B Gastrobar, 1422 W. Warner Road, Gilbert, 480-497-1422, bgastrobar.com, $15-$18.
Copper and Logs
Owned by the Buschtetz family who also owns B Gastrobar, Copper and Logs offers its rendition of a charcuterie board. The C&L Board features an assortment of cheese and cured meats served with addition condiments like jam and fruit and nuts.
Copper and Logs, 832 S. Greenfield Road, Suite 101, Gilbert, 480-590-4260, copperandlogs.com, $16.95.
There is more to Humble Pie than just great pizza. They have a board literally called the Smorgasboard, which is their antipasto extravaganza of charcuterie with cheese, hummus, artichokes, wild mushrooms, crispy Brussels sprouts and their very own forno bread.
Humble Pie, 6149 N. Scottsdale Road, Scottsdale; 480-556-9900, humblepieusa.com, $17.

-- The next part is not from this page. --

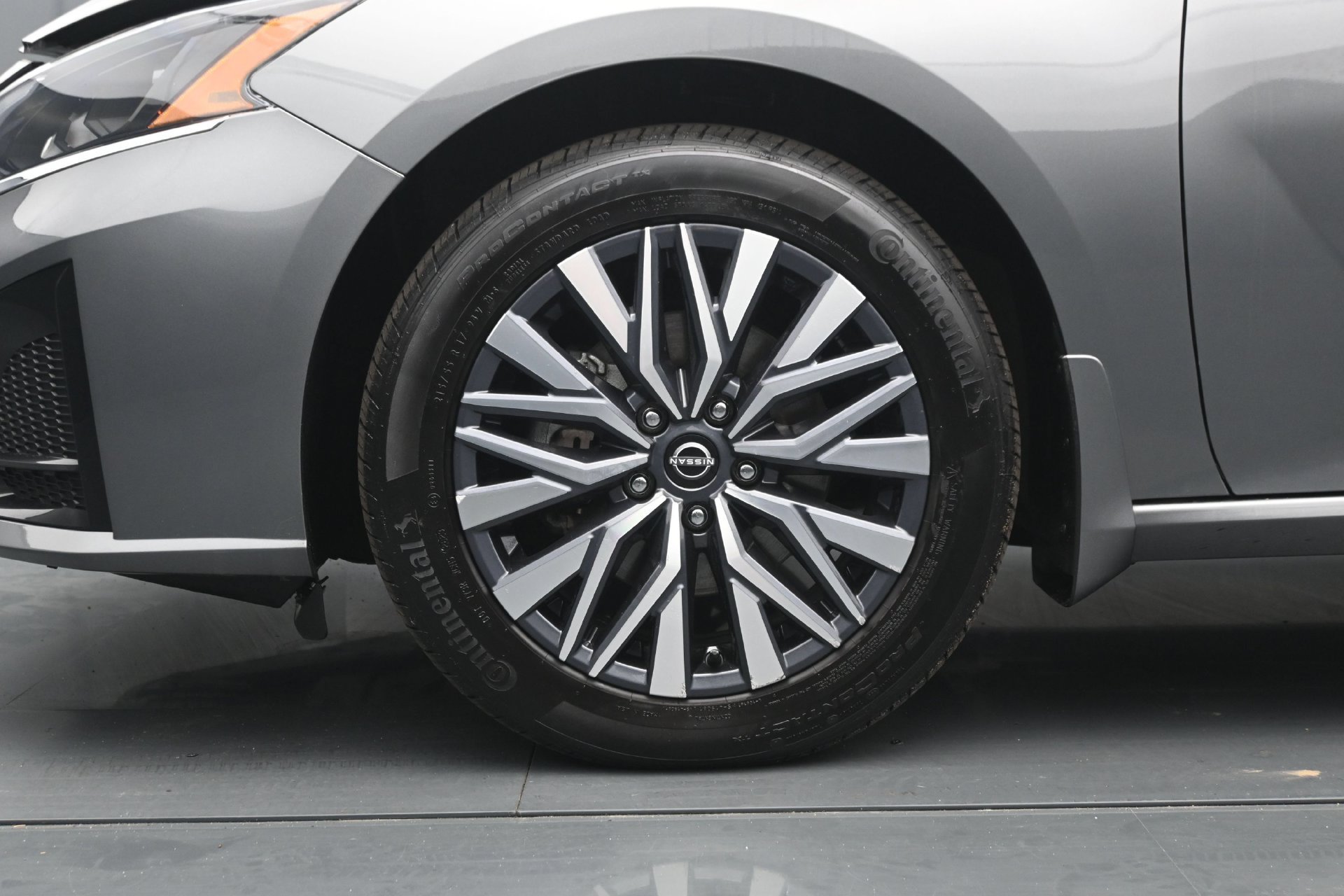 Used 2024 Nissan Altima 2.5 SV w/ SV Premium Package AWD/4WD image 24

Markin’s guests can pick and choose what locally produced meat and cheeses they would like on their charcuterie boards that come with a chef’s selection of housemade accompaniments. Cheeses from Rovey Dairy in Glendale include pecorino, gouda and cheddar, along with goat cheese from Crow’s Dairy in Buckeye. Wagyu summer sausage is available from Rovey Farms in Glendale as well as bundnerfleisch, schinken and blutwurst from German Sausage Co. in Phoenix.
Merkin Vineyards, 7133 E. Stetson Drive, Suite 4, Scottsdale, 480-912-1027, merkinoldtownscottsdale.com, $11-$52.
Mingle + Graze
Part of the fun of charcuterie boards is picking out what you want on the board. Mingle and Graze lets customers do exactly that with a build-your-own board broken down in four steps—step one, pick between two, three or four cheeses; step two choose meats including prosciutto and Mortadella; step three choose accompaniments such as artisan jams or fresh and dried fruits; and step four choose the type of bread or crackers to stack everything on top of.
Mingle + Graze, 48 S. San Marcos Place, Chandler, 480-726-2264, mingleandgraze.com, $10-$32.
The single Chef’s Board at North Italia really packs a punch. It is comprised of prosciutto di parma, spicy coppa, pecorino stagionato, crescenza, grilled piquillo pepper, Castelvetrano olive, marcona almond, fig mostarda and grilled bread. The board serves two to four people.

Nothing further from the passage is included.